É aquela que pode fazê-la viver e sem o exercício da qual difìcilmente poderia justificar-se a sua existência.
Que espécie de fiscalização? Compreendem-se perfeitamente estas duas formas de fiscalização: fiscalização feita num intuito de colaboração e fiscalização feita com espírito de partido.
São duas formas perfeitamente marcadas e diferenciadas, que basta enunciar para o espírito verificar, desde logo, que são diferentes.
A primeira é uma fiscalização em que se diverge da medida, mas pela qual se não procura pròpriamente atingir o Govêrno, autor dessa medida. Procura-se que a medida, seja substituída, sem contudo se entender que é necessário substituir o Govêrno. Pode, em certo momento, marcar-se a tendência para a substituïção do Govêrno ou de um Ministro, mas só quando êle, por actos repetidos, demonstrou não ter suficiente capacidade para governar, porque, de um modo geral, a fiscalização com o intuito de colaboração só quere afastar a medida ou uma certa orientação, sem nenhum empenho em substituir o autor da medida ou da orientação.
A fiscalização com espírito de partido é completamente outra. Então, de um modo geral, pode afirmar-se que todas as medidas são erradas, não por si mesmas, mas pela fonte de que provêm — e eu raciocino dentro da melhor filosofia dos partidos —, pois, por definição, se é o partido contrário ao meu que governa, não é capaz de realizar o interêsse nacional, já que êsse só o meu partido pode realizá-lo!
Mas se fiscalizar com espírito de colaboração é a função essencial da Assemblea, põe-se agora o problema de saber se o conjunto das alterações contidas na proposta tende a tornar eficiente aquela função.
Eu suponho que sim.
Não falo já do alargamento do número de Deputados, que tem sentido; não falo da possibilidade de prorrogar o tempo da duração da Assemblea, que tem sentido; mas falo do aditamento que se pretende ao artigo 91.°, que diz: «apreciar os actos do Govêrno e da Administração».
É evidente que neste aditamento ao texto constitucional só pode haver um sentido: é o de alargar os poderes de fiscalização da Assemblea.
E, Sr. Presidente, digo o mesmo a propósito da instituïção das comissões permanentes e das comissões eventuais.

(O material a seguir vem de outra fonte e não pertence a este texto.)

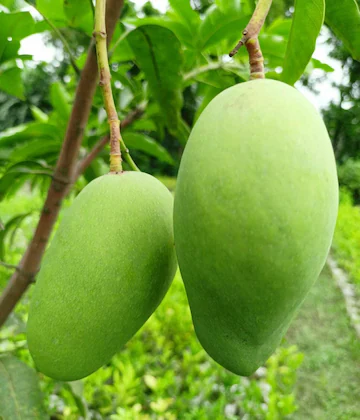 Thailand Mango Plant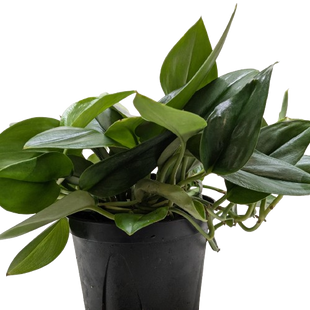 Scindapsus Platinum Java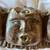 Vintage Cherub wind blower hand crafted wood Mexican Folk Art 2 thumbnail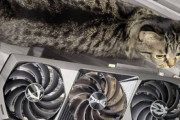 【ねこ画像】PC作業中、マウスかと思ったら猫でした…幸せな時間ですwww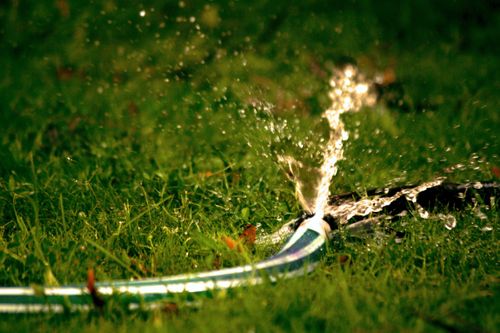 How Is the 2026 Heatwave Changing the Way We Garden?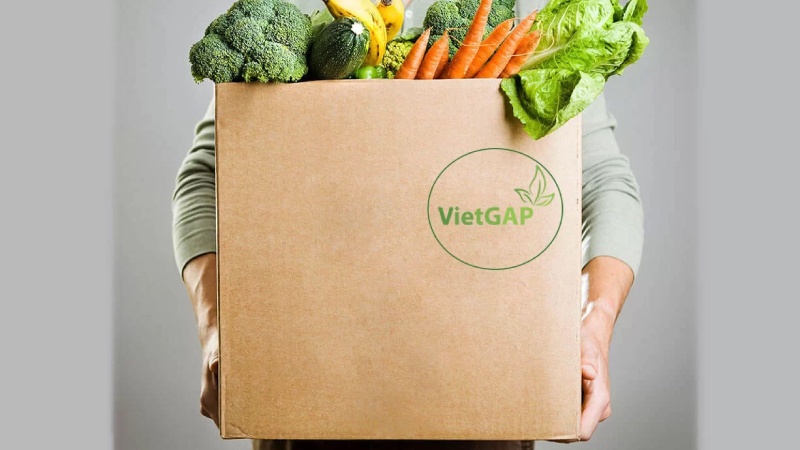VietGAP là gì? Định nghĩa và khái niệm cơ bản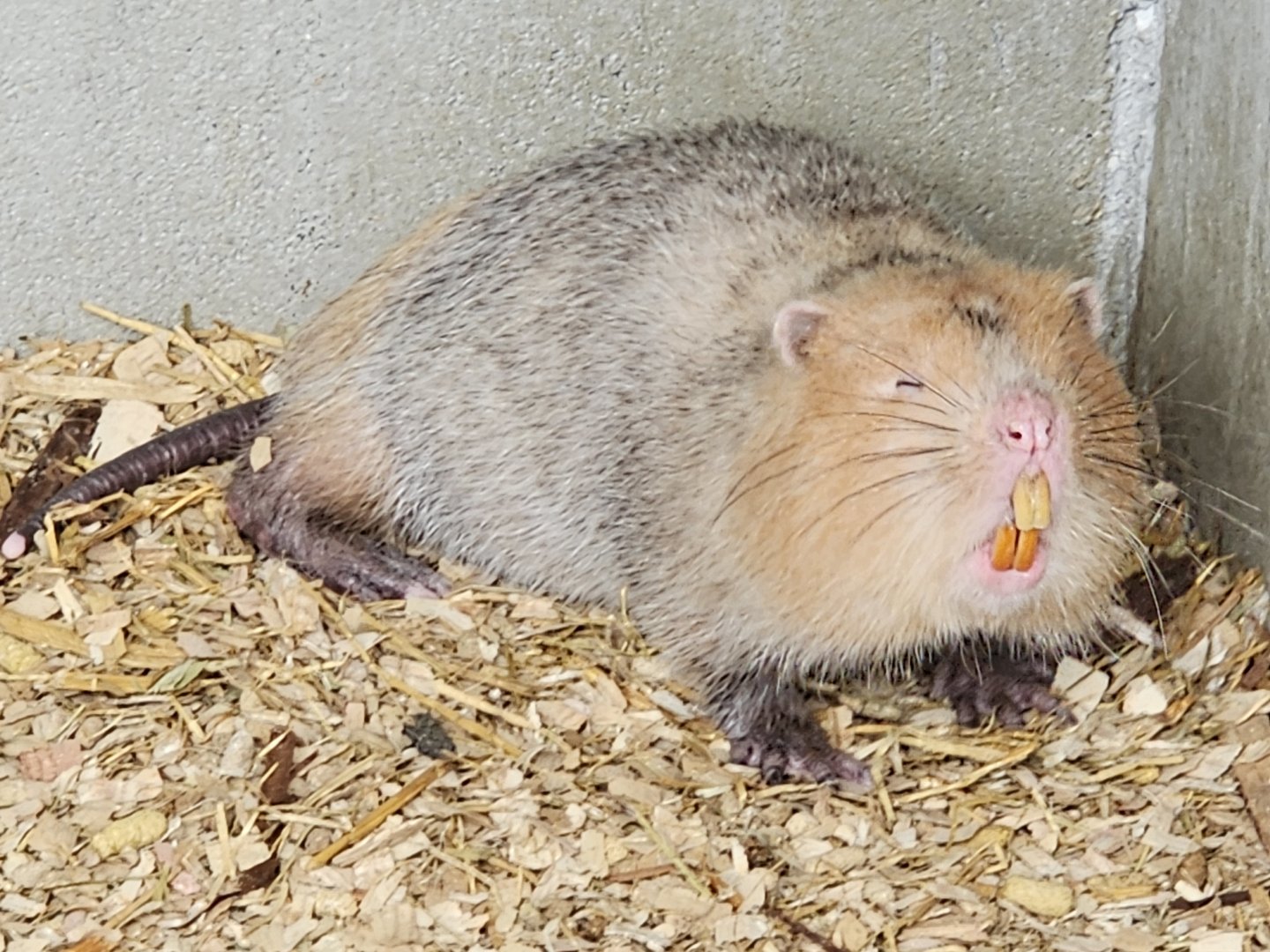 Large Bamboo Rat Rhizomys sumatrensis (?)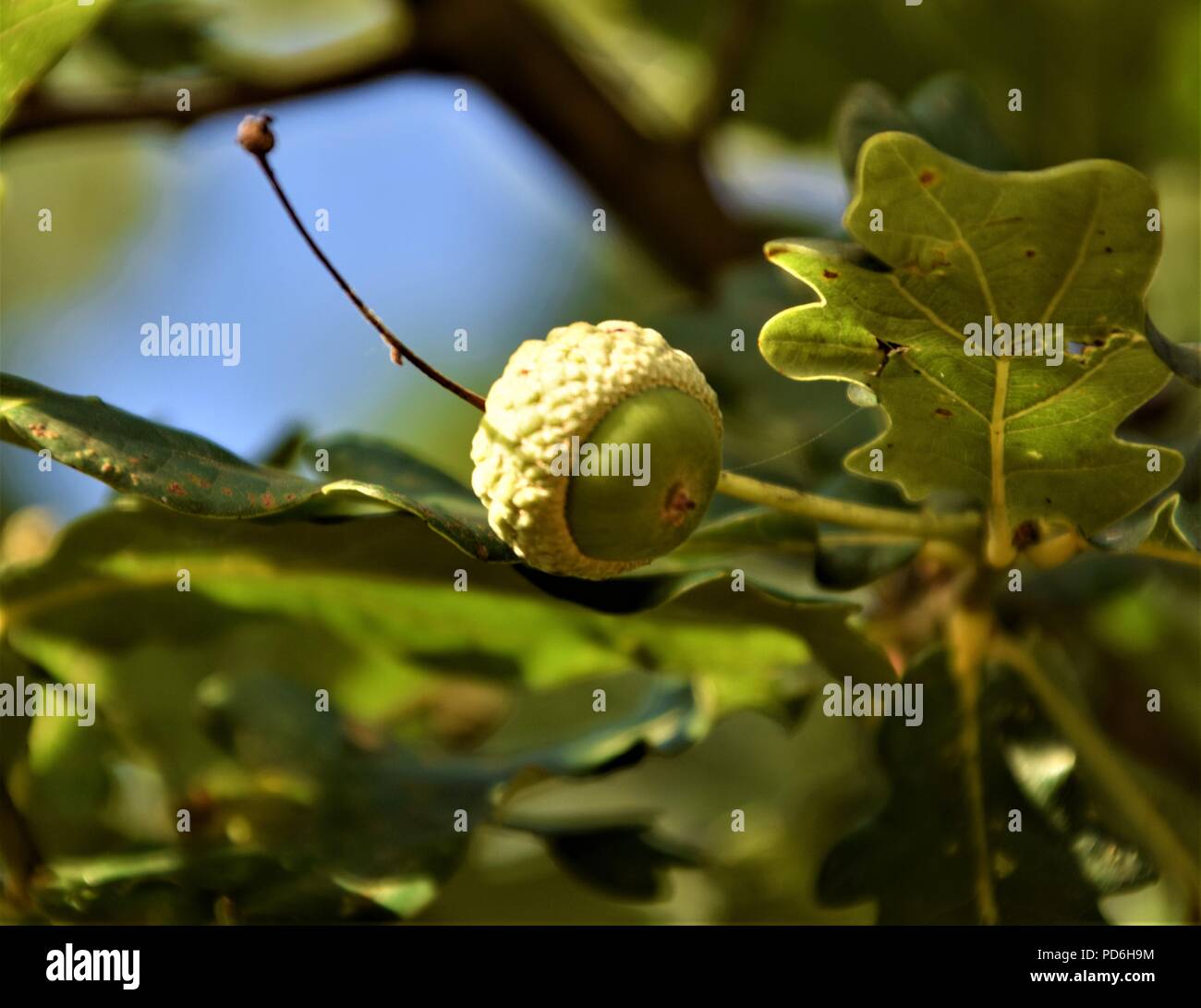 Eiche Eicheln Makro Foto selektiven Fokus in verschwommenen Hintergrund Stockfoto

Ninguém dirá que quando a Constituïção prevê a possibilidade de comissões permanentes e eventuais isso não tem o sentido de uma fiscalização mais larga, ninguém dirá que não tem precisamente em vista alargar as suas funções como fiscalizadora da actividade do Govêrno.
Logo na disposição seguinte (artigo 96.°) se prevê a possibilidade de esta fiscalização ser feita por cada um e qualquer dos Deputados individualmente; essa faculdade não está em nada prejudicada. Está, ao contrário, esclarecido que a actividade individual de cada Deputado pode desenvolver-se, e, porventura, deve desenvolver-se, no sentido de uma intensa fiscalização parlamentar. A instituïção das comissões permanentes faz-se precisamente para tornar essa fiscalização mais ampla e consciente: para a tornar mais fácil e eficaz.
Numa proposta que estabelece que o Govêrno tem poder legislativo no mesmo plano em que o tem a Assemblea Nacional, a existência das comissões não tem em vista, é evidente, os pareceres dessas sôbre projectos ou propostas de lei.
Não se pode retirar à Assemblea o poder de fazer leis, porque, sem êle, comprometiam-se as suas faculdades fiscalizadoras. Deve ter êsse poder, mas raro poderá usá-lo, a não ser sôbre propostas do Govêrno, ou para definir as grandes orientações a adoptar por êste, porque a preparação da lei, no estado actual da vida dos povos, pressupõe um apetrechamento, uma aparelhagem técnica, de que as Assembleas não dispõem. Não pode a Assemblea organizar completamente a lei, mas pode definir os grandes princípios com base nos quais deve ser organizada, e a disposição da proposta que prevê a obrigação para o Govêrno de estabelecer, no prazo de seis meses, as condições necessárias à execução daqueles princípios é mais uma expressão de alargamento das funções da Assemblea ou, ao menos, um meio de tornar eficiente a sua actividade legislativa.
O mesmo princípio se exterioriza na alteração que alarga, em certas condições, a iniciativa da Assemblea às propostas e projectos que determinem aumento de despesa ou deminuïção de receita.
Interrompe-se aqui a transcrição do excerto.